Derrick Martell Rose has had many a glittering label in his brief and blessed career: No. 1 high school player in the country? NCAA Finalist? No. 1 NBA Draft pick? Rookie of the Year? Youngest MVP (22!) in history? The first son of Chicago, as well as the first Mr. Basketball from the state of Illinois, to ever captain the Bulls? DRose has been all of that, and made it look as smooth as one of his spinning drives to the hole.

But in 2013, for the first time in his life, Derrick Rose will be something he has never been: doubted. The young man, who has had nothing but love, now has haters.

For many pro jocks, hate is like caffeine. It is what gets them out of bed and over to the gym. Think about Michael Jordan and how he needed to conjure, exaggerate and even invent slights to keep his intensity at that otherworldly level. Many need the doubt to keep going. But for some, the fuel of doubt can be highly combustible and set them ablaze.

Yes, you need talent to play in the NBA, but there are few attributes more overrated than talent. Most NBA players, if you ask them the question, will tell you they were not the most talented person in their neighborhood, let alone their city. Even in Chicago, it is hard to find someone who will say DRose is the best player the city has produced. Most will say Ronnie Fields. Many will say Benji Wilson. Some will say Isiah Thomas or Will Bynum. Only a few say Dwyane Wade.

Even in the NBA, there is talent all over every roster, but stardom is the province of the few. Many of us argued in 2008 that Kansas State’s Michael Beasley was a better prospect than Rose. But talent is fragile and useless without the armor to protect it and the perspective to nourish it.

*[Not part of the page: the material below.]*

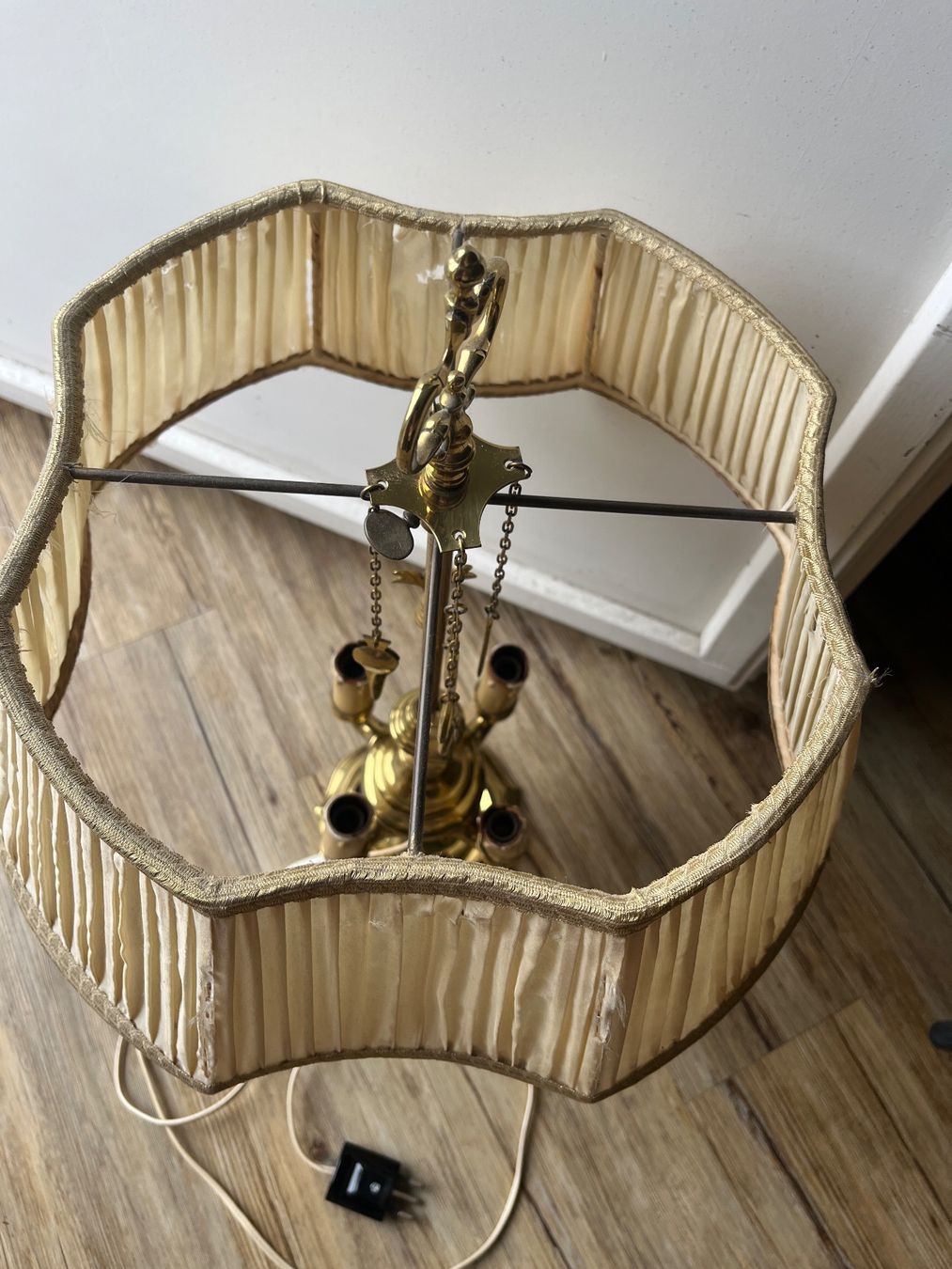 Lampade: Antike Bouillotte-Lampe – Usato da Basel venduto da aurelie.cuenot 1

Now it is Derrick Rose, the man who never doubted his own magical destiny and appeared on the cover of the previous issue of this magazine, who has to confront doubt and use the hate. He has to do what Magic did in 1980 when he was described as a “coach killer” or MJ when he basically lost his second season in the League to a foot injury, or LeBron every damn day of his career. He has to rise above it all with the confidence of someone alone in a gym.

Whether or not Derrick Rose can shut out the fear, trust his knee and torque his body toward the hoop will determine much of the ’13-14 season. The old Derrick Rose, with a healed Joakim Noah, alongside what we now know we have in Jimmy Butler, dethrones the Miami Heat. Absent this, the only drama at the top of the Eastern Conference will be whether LeBron gives us the best sports narrative since Muhammad Ali rumbled in the jungle and chooses to return to Cleveland after a fourth straight trip to the Finals.

I love the NBA season no matter what. I loved it when Playoff time meant Dale Davis and Rik Smits sweating against Charles Oakley and Patrick Ewing in a 79-75 Playoff game that somehow passed for entertainment. But I want Derrick Rose at 100 percent so the season is not merely another slick Hollywood epic starring the Miami Heat, with the suspense lying not in the result but the execution. I want the rise of DRose so the Bulls can face off (we can hope) against the Warriors and Steph Curry in the NBA Finals. Count me among those who were relieved that DRose didn’t come back early and resisted the pressure to rush back. But now that his body is right, we will see about his mind. This is uncharted territory. For the good of the game, we should all hope he finds his way.